Research/ Systems & Infrastructure /

Accelerating Graph Construction for Production Graph Transformer Workloads

November 6, 2025

Josh Joseph, Min Shen, Jinu Sunil

Introduction

At Kumo we see two dominant patterns of usage:

Iterative development: With the Kumo SDK, data scientists building Graph Transformers on their relational data, experiment rapidly by adding and removing tables, tweaking primary keys and time columns, adjusting data type, etc. All to understand how each change impacts model performance.

Repeated training: Production teams retrain the same model on fresh data, often daily or hourly. Between training runs, typically only a few tables have new data while the rest remain unchanged.

We saw opportunities to accelerate these patterns. In iterative development, changing a data type or primary key would trigger a full data copy, even though the underlying data hadn't changed. In repeated training, graph structures would be rebuilt from scratch, even when most relationships were identical to the previous run.

This blog discusses three new optimizations added to the Kumo platform. Across ingestion, materialization, and graph building, these optimizations reduce wasted time, often shaving 20–50% off critical stages. In production tests, these optimizations yielded 12-25% faster end-to-end training times, averaging around 20% improvement across customer workloads. These improvements are available now: version 2.11 includes initial optimizations, while 2.12 enables the full suite.

(And if you’re curious about the broader data challenges behind online training and materialization, we recommend checking out our recent post: From Toy Graphs to Billion-Node Training. It connects to similar challenges we address here.)

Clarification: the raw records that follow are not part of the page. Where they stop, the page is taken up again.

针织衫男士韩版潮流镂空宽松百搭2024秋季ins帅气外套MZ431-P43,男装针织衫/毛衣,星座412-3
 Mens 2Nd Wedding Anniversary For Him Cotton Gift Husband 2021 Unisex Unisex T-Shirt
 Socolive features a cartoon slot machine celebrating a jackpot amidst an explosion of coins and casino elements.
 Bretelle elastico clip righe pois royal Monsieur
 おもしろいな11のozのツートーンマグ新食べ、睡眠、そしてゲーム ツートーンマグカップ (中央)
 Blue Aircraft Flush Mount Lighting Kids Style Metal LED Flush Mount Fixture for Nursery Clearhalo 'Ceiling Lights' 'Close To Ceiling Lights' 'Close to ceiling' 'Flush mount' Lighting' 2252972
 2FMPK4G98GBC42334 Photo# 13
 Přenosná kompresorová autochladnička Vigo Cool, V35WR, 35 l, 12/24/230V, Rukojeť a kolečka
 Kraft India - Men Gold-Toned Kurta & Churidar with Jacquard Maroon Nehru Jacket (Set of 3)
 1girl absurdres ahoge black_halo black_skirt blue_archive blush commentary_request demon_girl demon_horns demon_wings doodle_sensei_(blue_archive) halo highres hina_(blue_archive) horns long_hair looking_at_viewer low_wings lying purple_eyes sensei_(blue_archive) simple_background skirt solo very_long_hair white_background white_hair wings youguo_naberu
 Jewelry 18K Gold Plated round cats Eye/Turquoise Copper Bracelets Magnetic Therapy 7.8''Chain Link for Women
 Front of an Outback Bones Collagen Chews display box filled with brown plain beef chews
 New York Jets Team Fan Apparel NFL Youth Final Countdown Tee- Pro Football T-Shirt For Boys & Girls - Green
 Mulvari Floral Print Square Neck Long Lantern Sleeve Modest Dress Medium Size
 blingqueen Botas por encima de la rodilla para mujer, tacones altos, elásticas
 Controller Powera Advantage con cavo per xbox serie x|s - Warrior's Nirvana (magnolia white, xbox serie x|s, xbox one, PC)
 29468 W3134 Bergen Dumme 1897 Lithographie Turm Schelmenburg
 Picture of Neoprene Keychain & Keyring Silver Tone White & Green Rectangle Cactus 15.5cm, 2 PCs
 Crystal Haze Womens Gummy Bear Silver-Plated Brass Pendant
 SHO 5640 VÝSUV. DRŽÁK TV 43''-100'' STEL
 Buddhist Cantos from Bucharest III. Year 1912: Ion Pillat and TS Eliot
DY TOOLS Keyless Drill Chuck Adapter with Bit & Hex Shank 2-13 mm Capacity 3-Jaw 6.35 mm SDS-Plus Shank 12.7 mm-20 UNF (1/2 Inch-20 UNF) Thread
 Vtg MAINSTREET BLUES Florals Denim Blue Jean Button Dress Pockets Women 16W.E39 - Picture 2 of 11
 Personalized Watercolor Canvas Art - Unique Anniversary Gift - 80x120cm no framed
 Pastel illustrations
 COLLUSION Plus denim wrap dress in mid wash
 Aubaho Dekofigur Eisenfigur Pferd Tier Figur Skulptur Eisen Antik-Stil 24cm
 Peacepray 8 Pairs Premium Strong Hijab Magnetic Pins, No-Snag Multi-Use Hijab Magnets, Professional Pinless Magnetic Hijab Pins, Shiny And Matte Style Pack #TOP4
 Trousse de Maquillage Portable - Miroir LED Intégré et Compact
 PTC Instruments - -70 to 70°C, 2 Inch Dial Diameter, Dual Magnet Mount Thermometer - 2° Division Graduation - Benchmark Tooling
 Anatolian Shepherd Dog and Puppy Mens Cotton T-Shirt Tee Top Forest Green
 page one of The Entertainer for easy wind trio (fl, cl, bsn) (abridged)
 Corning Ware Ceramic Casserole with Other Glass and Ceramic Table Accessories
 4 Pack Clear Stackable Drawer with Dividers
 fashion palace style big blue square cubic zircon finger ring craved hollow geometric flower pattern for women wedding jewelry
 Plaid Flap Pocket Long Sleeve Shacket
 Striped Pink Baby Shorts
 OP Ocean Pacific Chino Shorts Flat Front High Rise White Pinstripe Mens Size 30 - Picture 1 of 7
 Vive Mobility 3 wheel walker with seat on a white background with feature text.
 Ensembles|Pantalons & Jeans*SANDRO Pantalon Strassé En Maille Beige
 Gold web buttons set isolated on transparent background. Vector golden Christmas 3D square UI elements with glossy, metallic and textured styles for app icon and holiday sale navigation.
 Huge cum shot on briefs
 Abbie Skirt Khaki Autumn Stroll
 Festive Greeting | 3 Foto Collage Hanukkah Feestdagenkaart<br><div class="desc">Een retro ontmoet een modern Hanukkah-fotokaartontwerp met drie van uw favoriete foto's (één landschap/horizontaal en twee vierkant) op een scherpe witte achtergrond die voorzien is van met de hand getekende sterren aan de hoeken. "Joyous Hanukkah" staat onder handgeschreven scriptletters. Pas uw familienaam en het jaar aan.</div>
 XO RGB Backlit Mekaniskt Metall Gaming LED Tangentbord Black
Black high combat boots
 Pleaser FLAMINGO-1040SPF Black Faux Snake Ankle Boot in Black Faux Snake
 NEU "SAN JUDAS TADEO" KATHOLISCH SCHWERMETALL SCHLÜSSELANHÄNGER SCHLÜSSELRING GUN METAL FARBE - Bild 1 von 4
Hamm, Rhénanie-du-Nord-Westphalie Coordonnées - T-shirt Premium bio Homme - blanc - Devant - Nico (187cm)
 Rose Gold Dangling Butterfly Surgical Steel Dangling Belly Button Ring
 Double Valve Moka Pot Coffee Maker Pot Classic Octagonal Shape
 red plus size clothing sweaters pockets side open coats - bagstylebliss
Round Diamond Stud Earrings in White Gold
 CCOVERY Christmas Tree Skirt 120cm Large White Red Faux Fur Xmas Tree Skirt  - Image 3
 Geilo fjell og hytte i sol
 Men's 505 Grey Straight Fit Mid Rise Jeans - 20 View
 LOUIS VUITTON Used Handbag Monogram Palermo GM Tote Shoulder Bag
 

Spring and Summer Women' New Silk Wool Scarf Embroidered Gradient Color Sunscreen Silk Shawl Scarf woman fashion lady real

Understanding the Kumo Pipeline: Key Concepts

Before we dive into the optimizations, let's clarify two fundamental operations in Kumo: ingestion and graph materialization.

What Is Ingestion?

Ingestion at Kumo copies data from your source (like Snowflake, Databricks, or S3) into Kumo's secure data plane to create a stable snapshot of your data that won't change during model training and to simplify downstream operations by keeping data in a consistent, accessible location.

During ingestion, your data undergoes transformations:

Data type conversion: You specify a data type for each column (e.g., integer, string, categorical), and Kumo converts the raw data to match these types.
Data cleaning: Rows where the primary key or time column (timestamps indicating when data was created) contains null values are automatically filtered out.

In an iterative workflow where you're experimenting with different data types, primary keys, or time columns (collectively called the table configuration), even minor changes previously triggered a full re-ingestion. Since ingestion involves moving potentially large volumes of data between your storage and Kumo's data plane, this became a significant bottleneck during rapid experimentation.

What Is Graph Materialization?

Kumo internally represents relational databases as graphs. Rows in tables become nodes, and relationships between them (foreign keys) become edges, creating a connected structure that Graph Transformers can learn from. Graph materialization is a post-ingestion step that creates this graph representation. It involves two key steps:

Table materialization: Your ingested data is transformed into a tensor format, essentially converting rows and columns into numerical arrays optimized for machine learning. During this process, each table is also assigned a contiguous index along with its primary keys and foreign keys. These will be used for join operations during edge materialization. The tensor features are stored in Kumo's remote feature store (built on PyTorch Geometric's remote backend).

Edge materialization: Relationships between tables are created by performing join operations based on foreign keys. For example, if a "Users" table connects to an "Orders" table via a user_id, Kumo joins these tables using the contiguous indices from the previous step, and the resulting row index pairs become edges in the graph. These edges are stored in Kumo's remote graph store (also using PyTorch Geometric's remote backend).

Edge materialization is particularly expensive because it requires joining potentially very large tables. As you'll see, optimizing this step was crucial to making the pipeline faster.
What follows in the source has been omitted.